Material for the task:
---*---
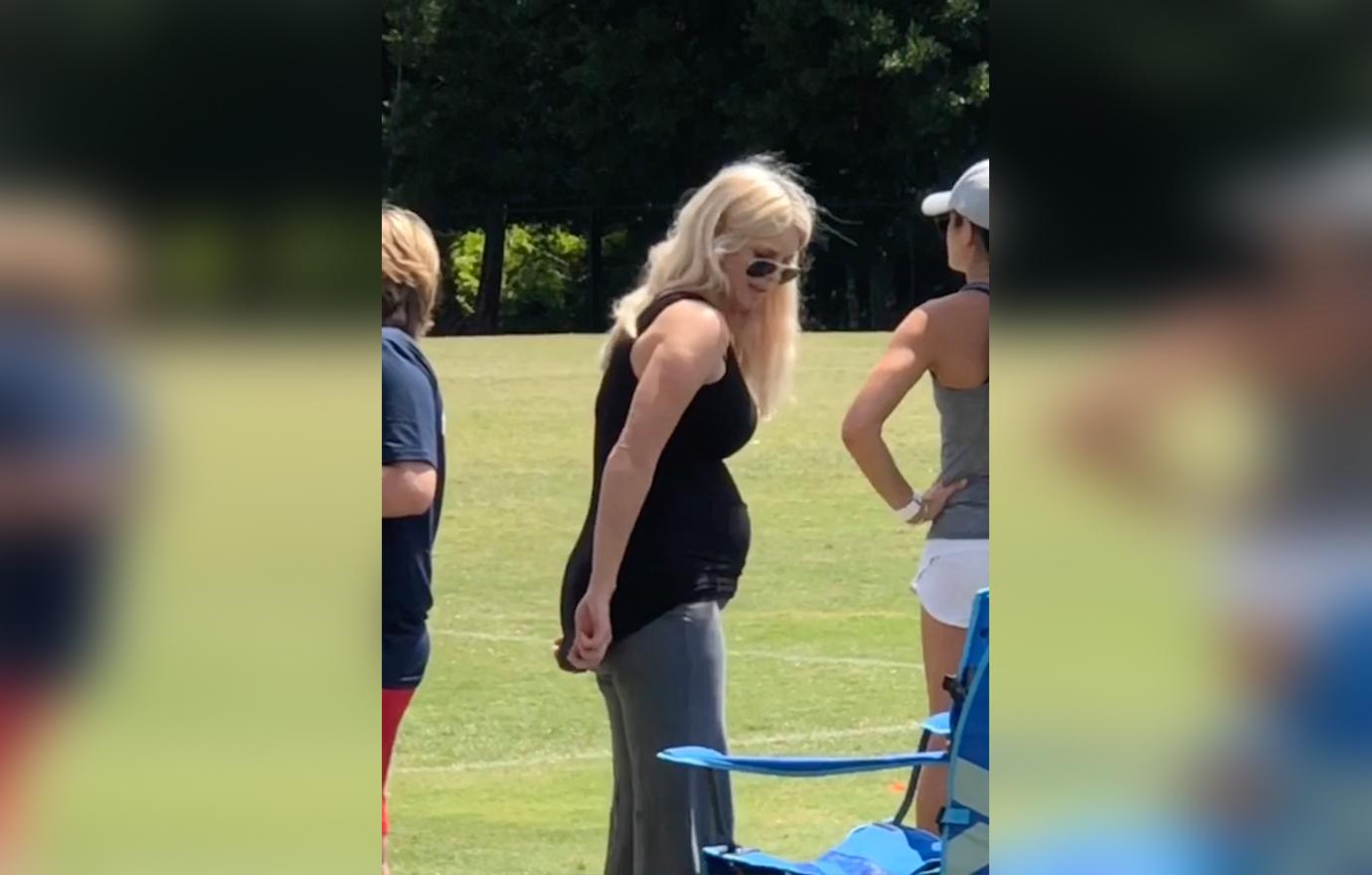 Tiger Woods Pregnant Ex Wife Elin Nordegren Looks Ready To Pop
---*---
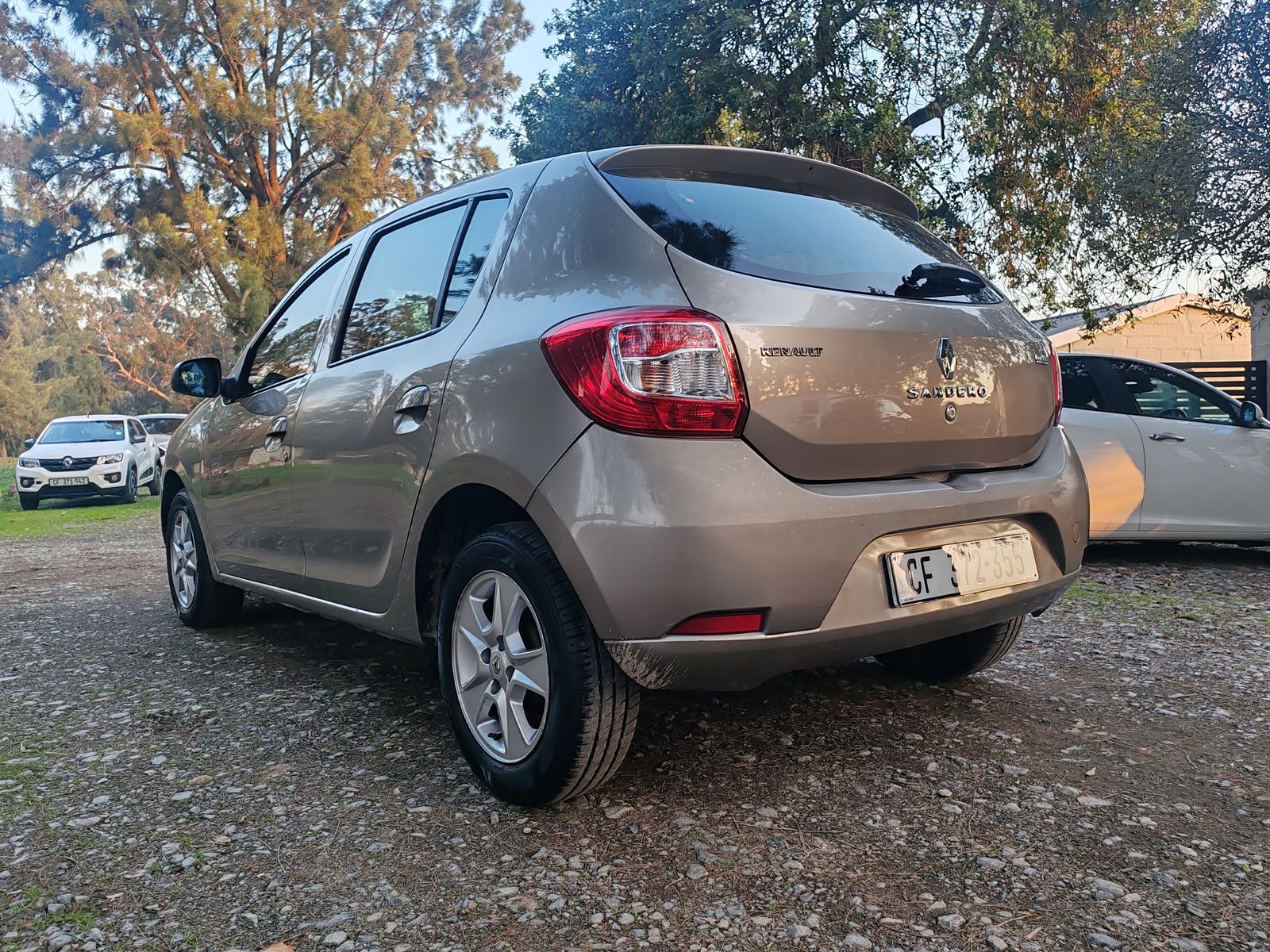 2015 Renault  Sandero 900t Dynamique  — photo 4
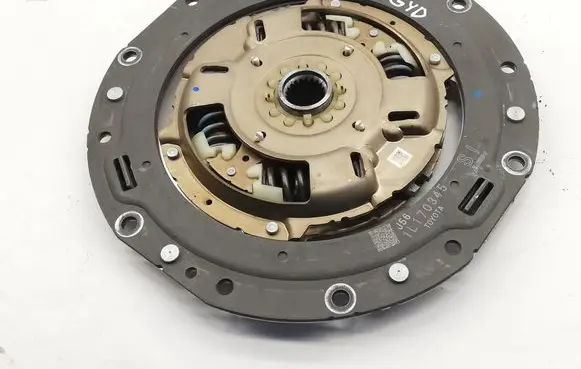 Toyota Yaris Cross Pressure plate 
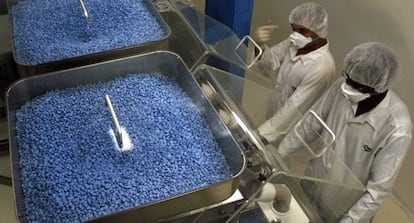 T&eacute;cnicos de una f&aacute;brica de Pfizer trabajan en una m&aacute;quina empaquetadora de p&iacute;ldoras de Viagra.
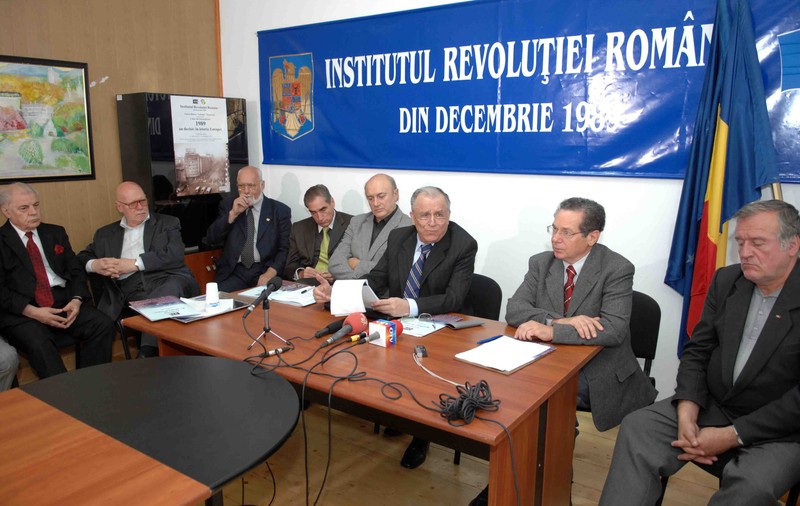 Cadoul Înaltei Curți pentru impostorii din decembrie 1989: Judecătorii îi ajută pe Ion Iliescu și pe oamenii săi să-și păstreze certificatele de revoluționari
---*---
Leave out every picture, and copy exactly the lines above starting at the one holding "Toyota Yaris Cross Pressure plate" and ending at the one holding "Cadoul Înaltei Curți", no more and no less.

 Toyota Yaris Cross Pressure plate 
 T&eacute;cnicos de una f&aacute;brica de Pfizer trabajan en una m&aacute;quina empaquetadora de p&iacute;ldoras de Viagra.
 Cadoul Înaltei Curți pentru impostorii din decembrie 1989: Judecătorii îi ajută pe Ion Iliescu și pe oamenii săi să-și păstreze certificatele de revoluționari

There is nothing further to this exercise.